Öğrenciler kalabalık sınıflarda her yıl değişen öğretmenleriyle geleceklerini kurmaya çalışırken eğitimciler de yetersizliklerle boğuşuyor. Altınşehir’deki Tepe İlköğretim Okulu 4 bin 200 mevcutlu. Ancak yaklaşık 200 öğrenci sürekli devamsız, çalıştıkları için okula gelemiyorlar. Altınşehir Lisesi’nde okuyan 16 yaşındaki Hakan Koç, iyi öğretmenlerin geldiği gibi gittiğini söylüyor. Gaziosmanpaşa’daki Aslangazi İlköğretim Okulu da 3 bin mevcutlu. Daracık bir bahçe içinde. Teneffüs yapılacak alan dar bir bahçeyle sınırlı. Öğrencilerin bir kısmı bile dışarı çıktığında bahçe mahşer yeri gibi andırıyor. Koridorlarda öğrencileri aşmak zor. Öğretmenler öğrencilere sesini duyurmak için koridorda bile mikrofonla konuşuyor. Okulun öğretmenlerinden biri ne kadar uğraşılırsa uğraşılsın bir öğretmen kadrosu kurmanın mümkün olmadığını anlatıyor: “İlk ataması buraya yapılır, iki yıl sonra başka yere giderler.”

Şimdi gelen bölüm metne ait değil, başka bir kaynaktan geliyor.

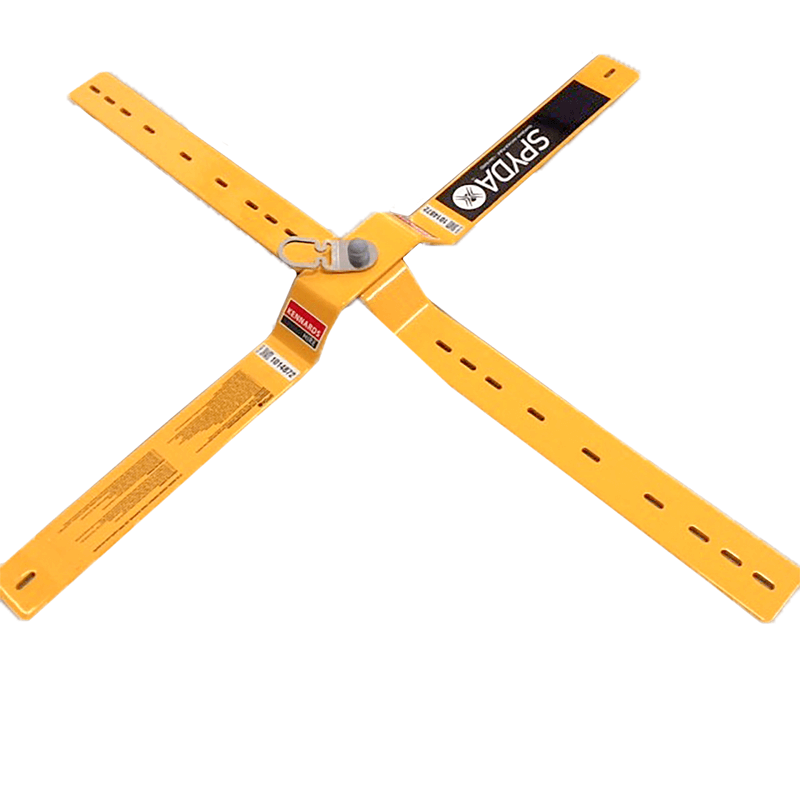 ROOFERS KIT for Rent Kennards Hire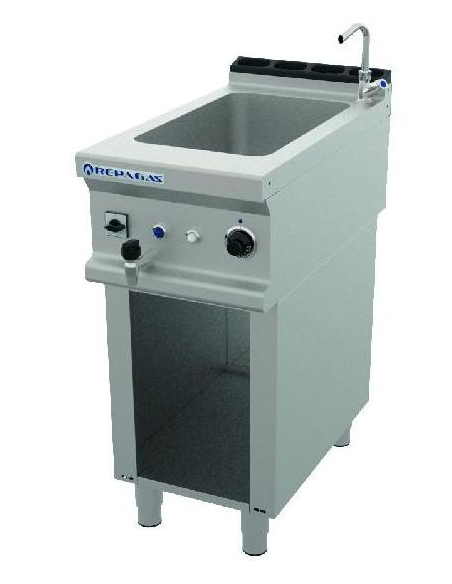 Baño María eléctrico MOD. BME-71/S PRO LINE Repagas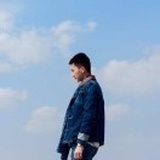 无所不能的喵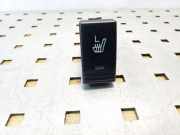 Schalter sitzheizung HYUNDAI TERRACAN (HP) 2.9 CRDi 4WD 93620H1101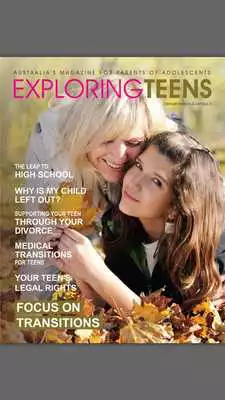 Play ExploringTeens
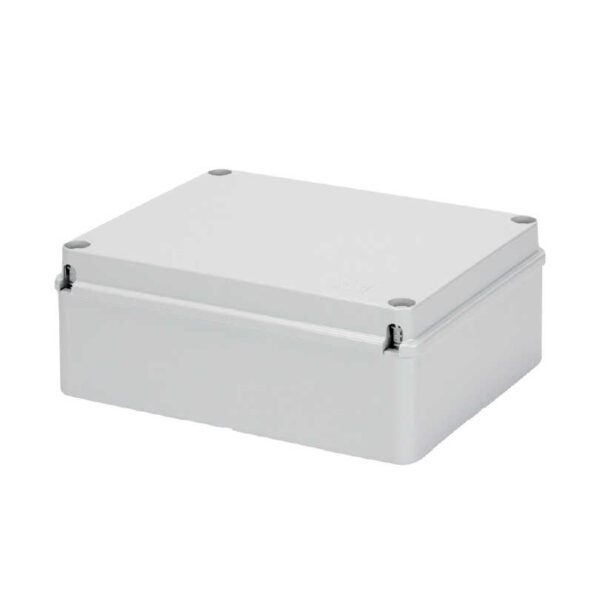 Montagedoos 44CE 650°C - GW44208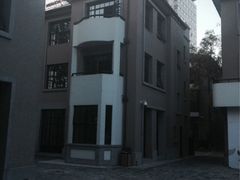 iphone_upload_pic-徐家汇源景区-衡山坊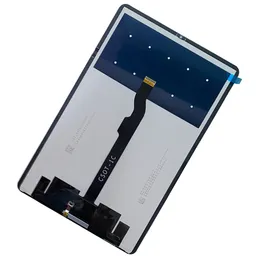 #431 希少 Xiaomi Pad 5 Pro カスタムROM 431 希少 Xiaomi Pad 5 Pro カスタムROM
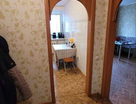 4-к. квартира, 102&nbsp;м²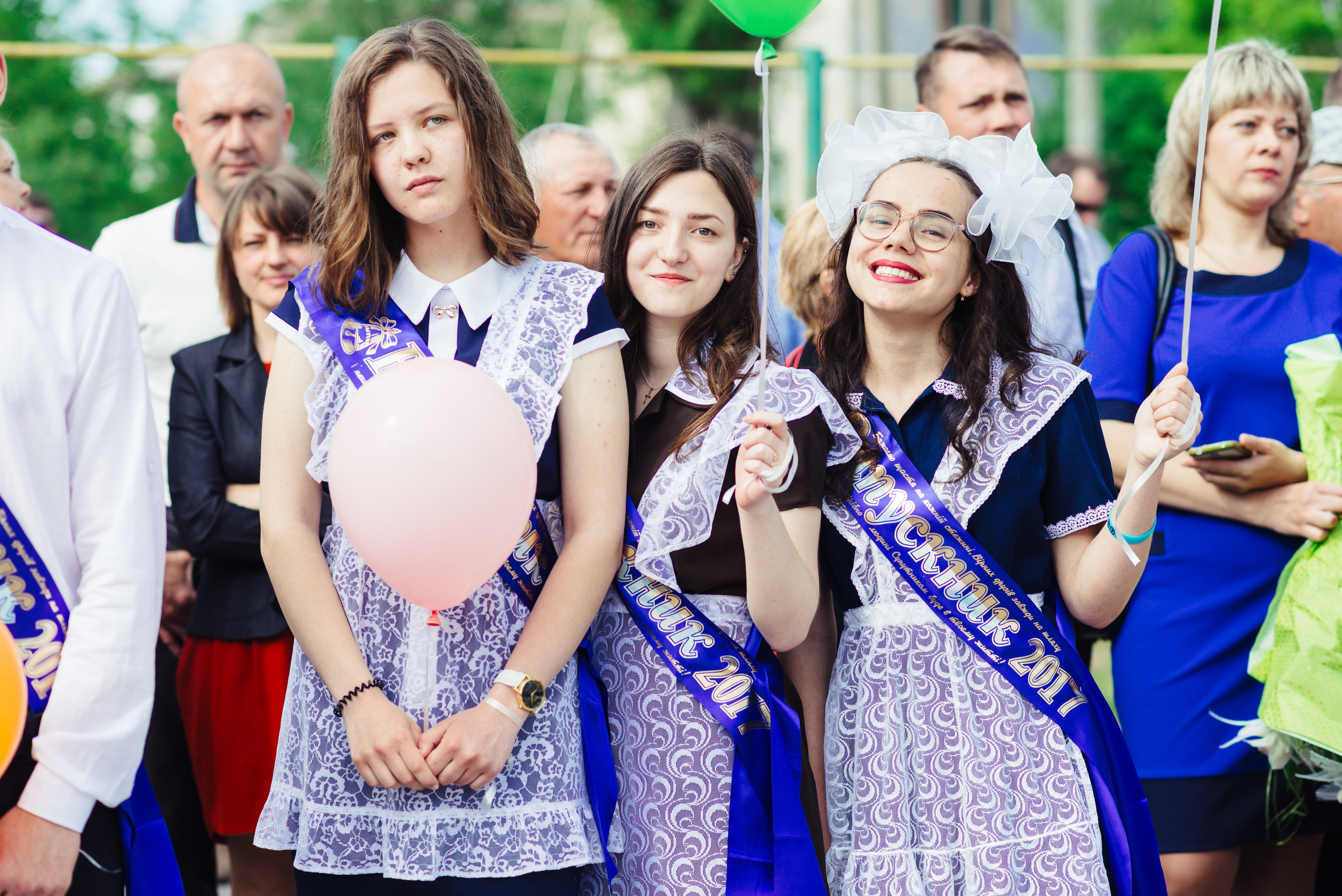 Дзвоник. Фотограф Київ Дніпро Запоріжжя Нікополь Олександрія Кривий ріг Покров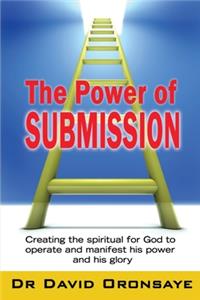 The Power of Submission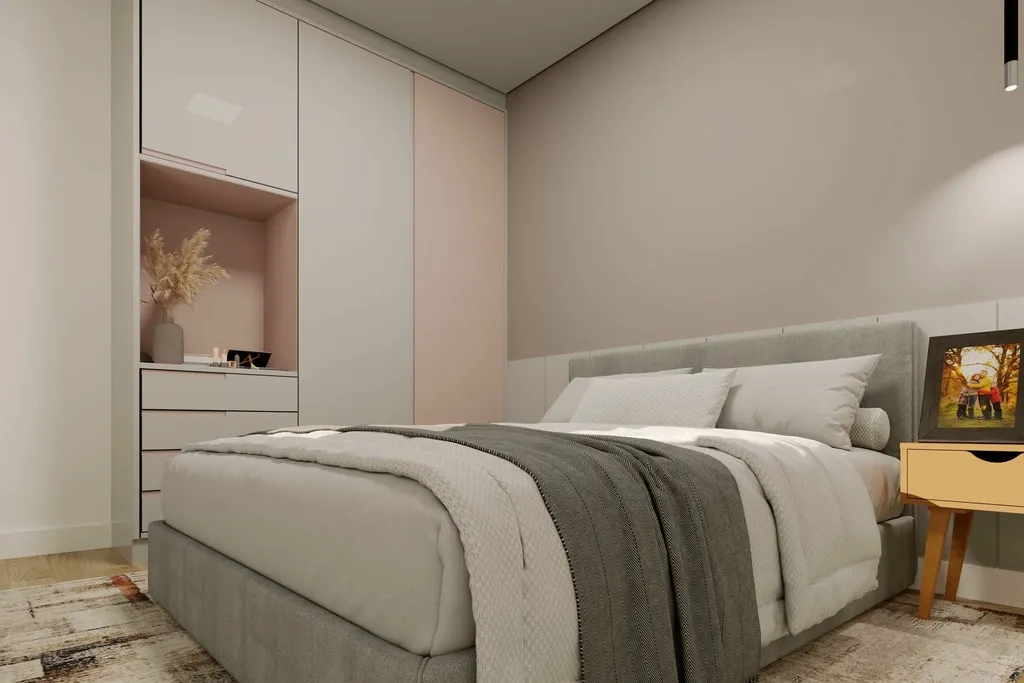Imagem Viva no Condomínio Sou Mais Diadema: minha casa minha vida em Diadema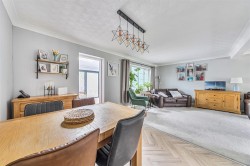 Images for Church Lane, Barwick, Yeovil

Sokaklarlardan sonra ikinci mekân ise kafeler. Altınşehir Bayramtepe’de internet kafe ve bilardo salonunda toplanmış lise öğrencileri. 9. sınıf öğrencisi 17 yaşındaki Zeki Arslan, beş kardeşten biri. Fırıncılık yapan ağabeyine yardım ederken bir yandan okula gidiyor. Arslan üniversiteye gidip bankacı olmak istediğini söylerken, biraz buruk öğretmenlerinin tespitini söylüyor: “Kimse üniversite mezunu olamaz burada.” Tatvan’dan göç eden lise öğrecisi Harun Tuaç’ın hayali futbolcu olmak. Kanaryaspor’da futbol oynayan Tuaç, “Hafta sonları bayan kuaföründe çalışıyorum. Düz liseye gidiyorum ya. Ailem bir de mesleğim olsun istiyor” şeklinde konuşuyor.